Data from: Associations between soil characteristics and ground-nesting bees on farms
Data files
May 29, 2025 version files 1.43 MB
-
DATA_BEE.csv
1.29 MB
-
DATA_BOWLS.csv
76.65 KB
-
DATA_FARM.txt
13.40 KB
-
DATA_SOIL_FINAL.txt
20.20 KB
-
DATA_TEXTURE18.txt
7.62 KB
-
DATA_TEXTURE19.txt
10.49 KB
-
GENUS_NESTING.csv
576 B
-
README.md
15.52 KB
Abstract
Much of the world's agricultural production depends on pollination services provided by wild bees. At the same time, agriculture changes landscapes in ways that can alter bee habitat. However, little is known about the nesting habitat requirements of the many bee species that nest underground. Here, we asked which soil factors influence the abundance, diversity, and community composition of ground-nesting bees in agroecosystems around Ottawa, Canada. We measured soil characteristics (texture, hardness, slope, ground cover) and sampled bee communities at 131 plots on 35 farms over two years. We identified the ground-nesting bees to species. We collected 8,661 ground-nesting bees representing 100 species. Ground-nesting bee abundance and species richness were higher with increased percentages of bare ground and sand, while Simpson’s diversity was negatively associated with slope. The abundance of non-ground-nesting (cavity-nesting) bees was not related to any measured soil properties, suggesting that the associations between soil variables and ground-nesting bees reflect direct effects of soils on these bees, rather than indirect effects mediated by unmeasured variables. Only a small proportion of the variance in ground-nesting bee community composition was explained by soil factors; however, sand percentage, slope, soil compaction, and bare ground were all significant predictors, reflecting the fact that relationships between soil predictors and ground-nesting bee taxa were species-specific. Compared to floral resources, soils have been neglected as components of bee habitat quality, but understanding the soil characteristics preferred by ground-nesting bees can assist in efforts to protect this important group of pollinators.

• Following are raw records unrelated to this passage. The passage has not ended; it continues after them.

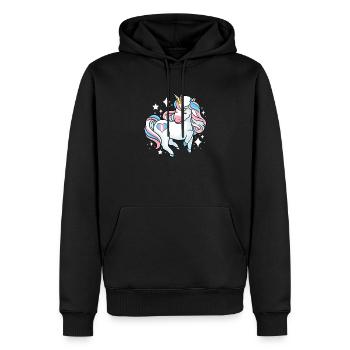 Transgender Einhorn Trans Pride - Männer Premium Bio Hoodie - Schwarz - Vorne - Nico (187cm)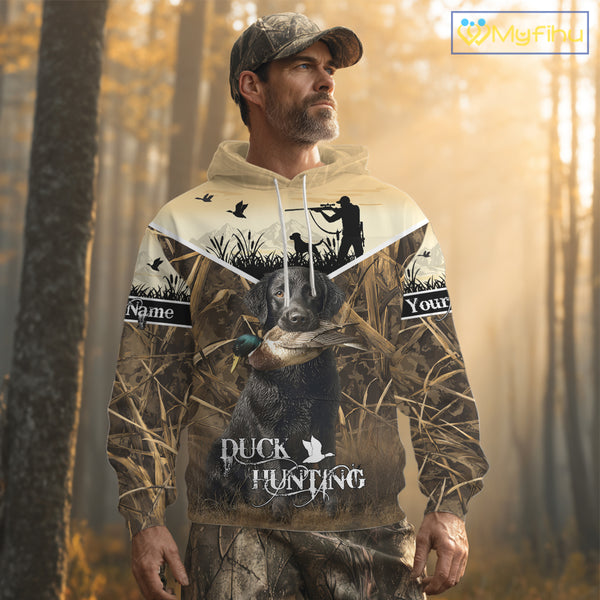 Duck Hunting Camo Shirt with Black Labrador Retriever for Duck Hunter - Best Duck Hunting Gifts NBT136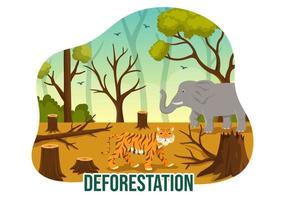 la deforestazione illustrazione con albero nel il abbattuto foresta e ardente in inquinamento causando il estinzione di animali nel cartone animato mano disegnato modelli vettore
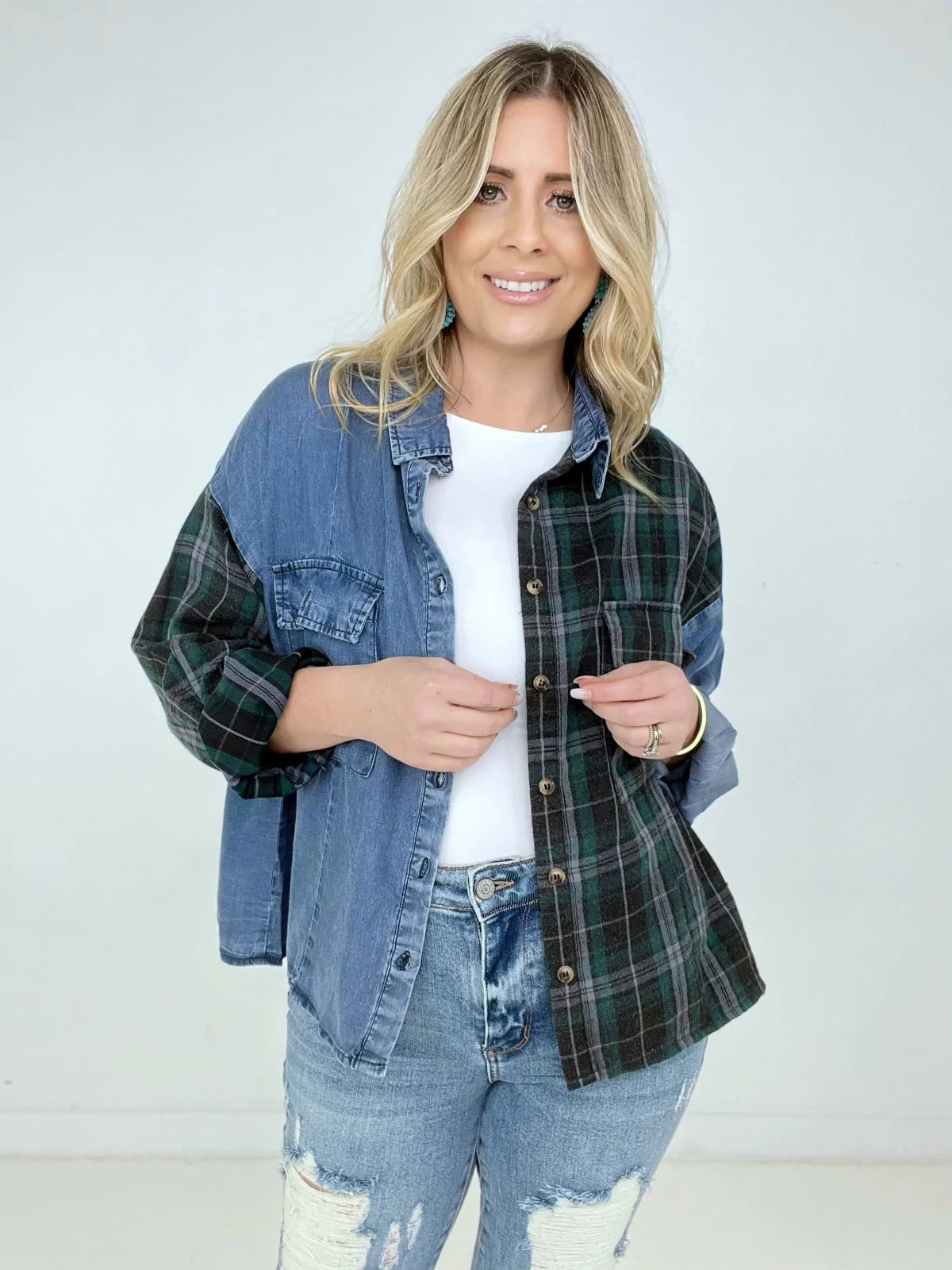 Washed Plaid Denim Shirt with Flap Pockets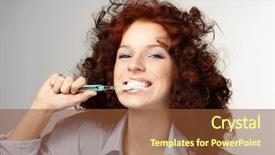  Presentation with clean - PPT layouts consisting of tooth paste - young beauty woman clean teeth background and a tawny brown colored foreground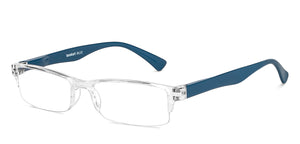 Transparent Rectangle Half Rim Unisex Eyeglasses by LENSKART BLU READERS-148075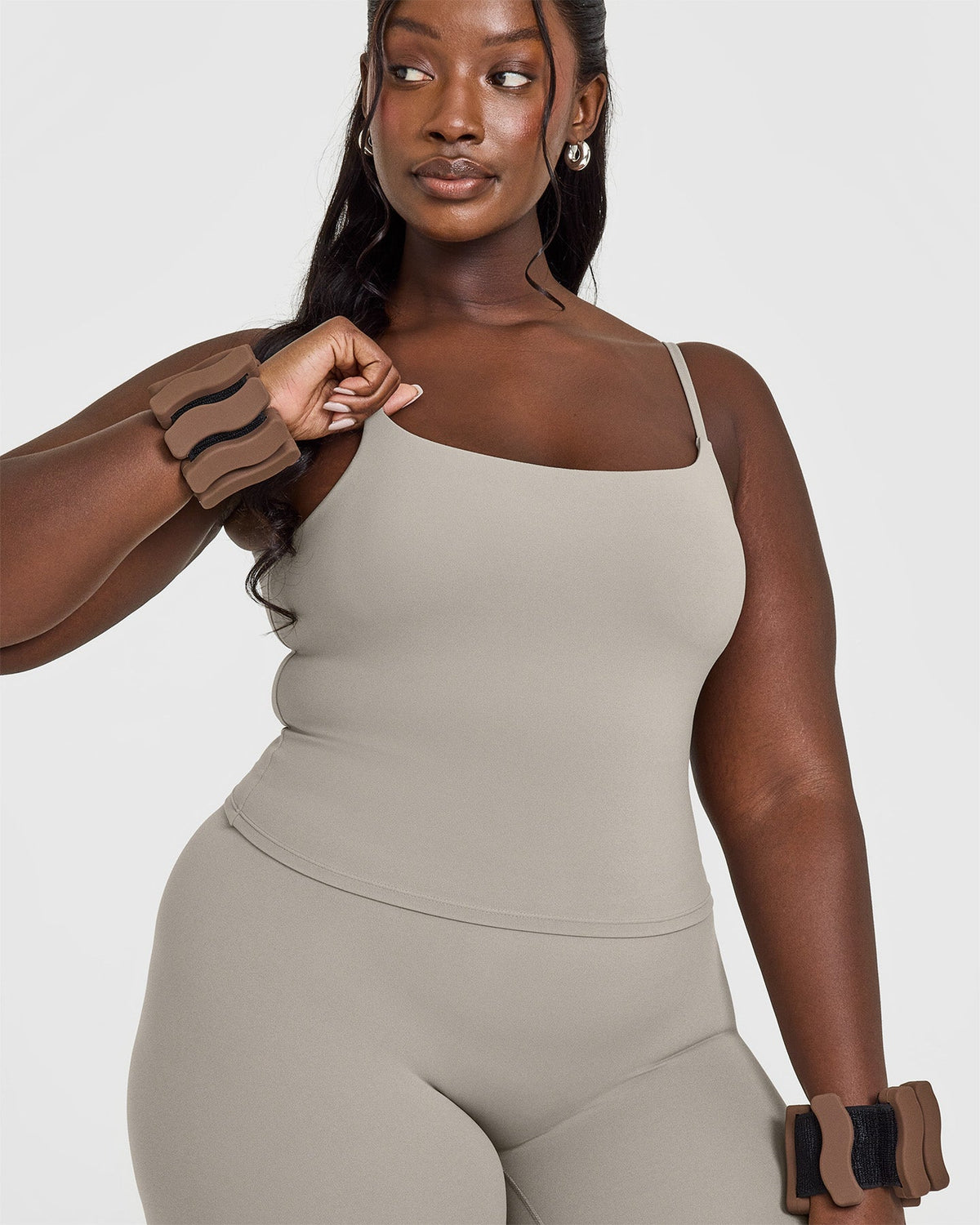 SoftMotion™ Strappy Mid Tank Top with Built in Bra Shelf | Warm Sand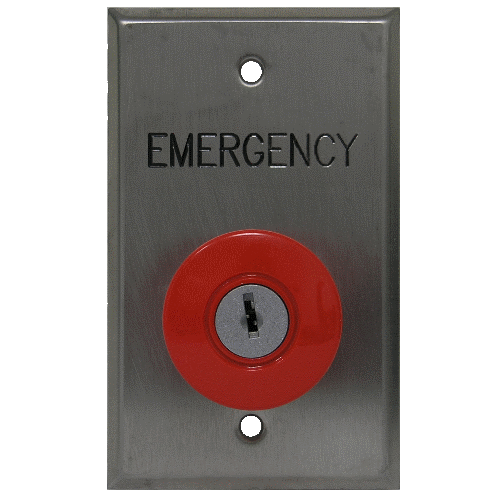 Deltrex F142 Emergency Self-Latching Red Push Button Control w/ Internal Key Release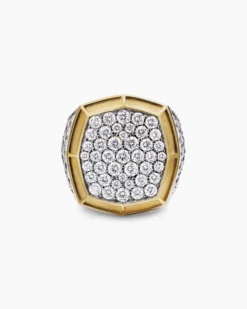 Streamline® Bold Signet Ring 18K Yellow Gold with Diamonds, 23.4mm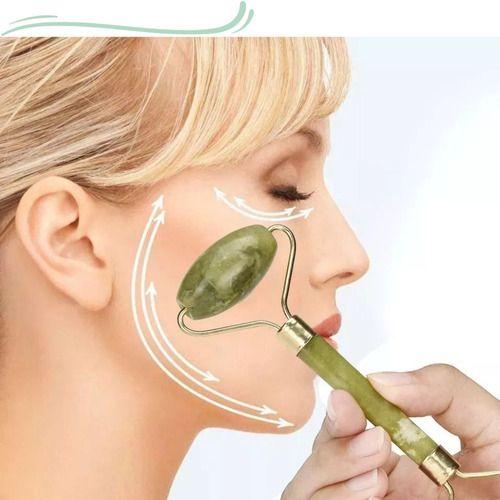 Imagem de Kit 3 Massageador Rolo Massoterapia Facial Pedra Jade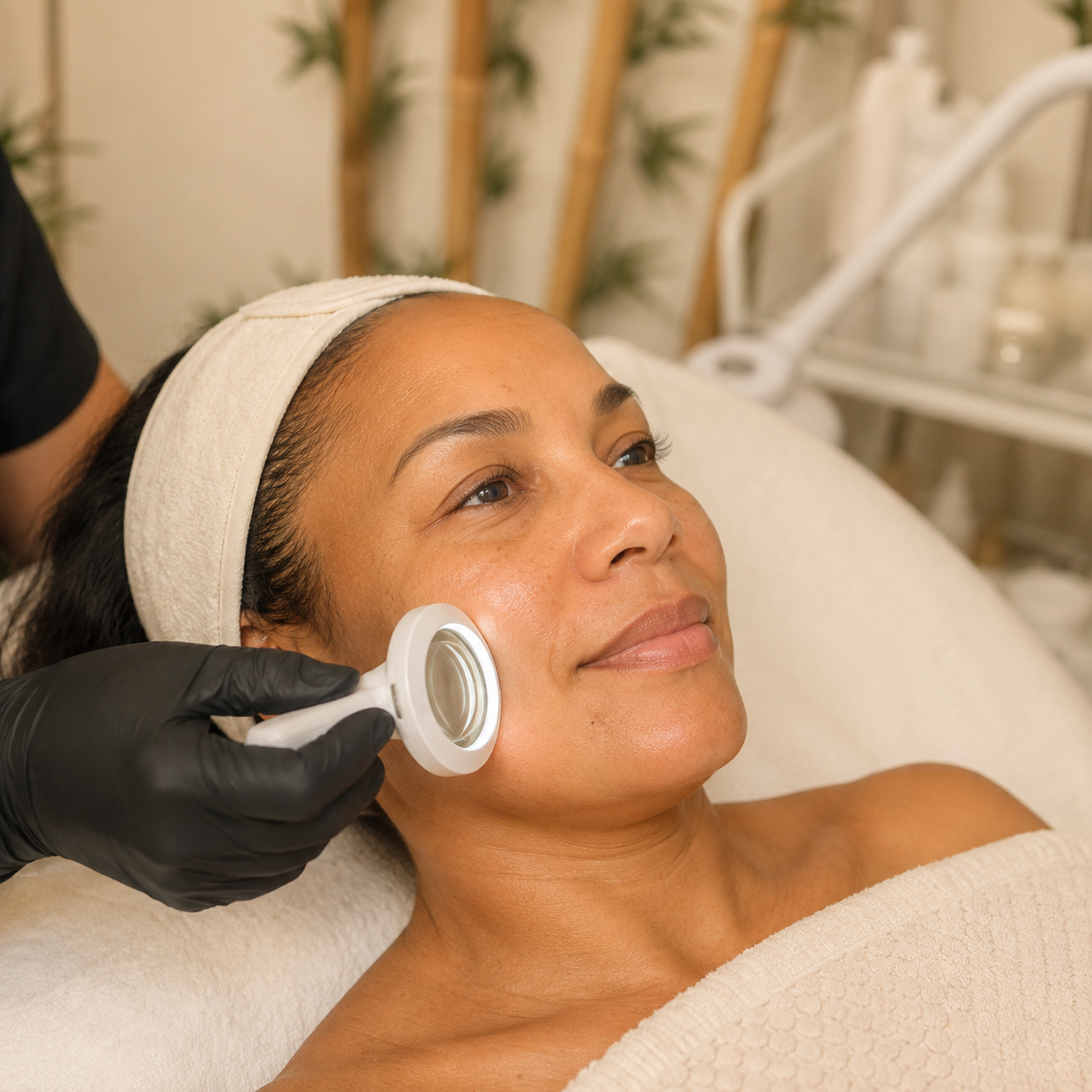 Emely performing a personalized skin analysis on a client at Seoul Glow Studio in Orlando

https://doi.org/10.5061/dryad.zgmsbccnx
Description of the data and file structure
Files and variables
File: DATA_BOWLS.csv
Description: This file includes information on the number of pan traps (= bee bowls) deployed at each sampling location, the dates on which they were deployed, and the geographic coordinates of each sampling location.
Variables
● year: Year of data collection (2018 or 2019).
● farm: Full name of farm on which data were collected.
● site: Three- or four-letter code for the farm name. Three-letter codes are used for 2019 sampling locations and four-letter codes for 2018 sampling locations.
● plot: Plot number, from one to three. See Figure 1 of manuscript text for explanation. With one exception, each site included two or three individual sampling plots. The one exception is site LAVO, with a single plot. Farms Lavoie Sylvain (LAVO, with one plot) and Pine Hill Orchard (PINE, with two plots) are adjacent (within 1 km), and the two sites were therefore treated as one site with three plots for data collection and analysis. Specifically, plot 1 of LAVO was treated as a third plot of site “PINE” and is thus recoded as site code = “PINE3” in the analysis scripts.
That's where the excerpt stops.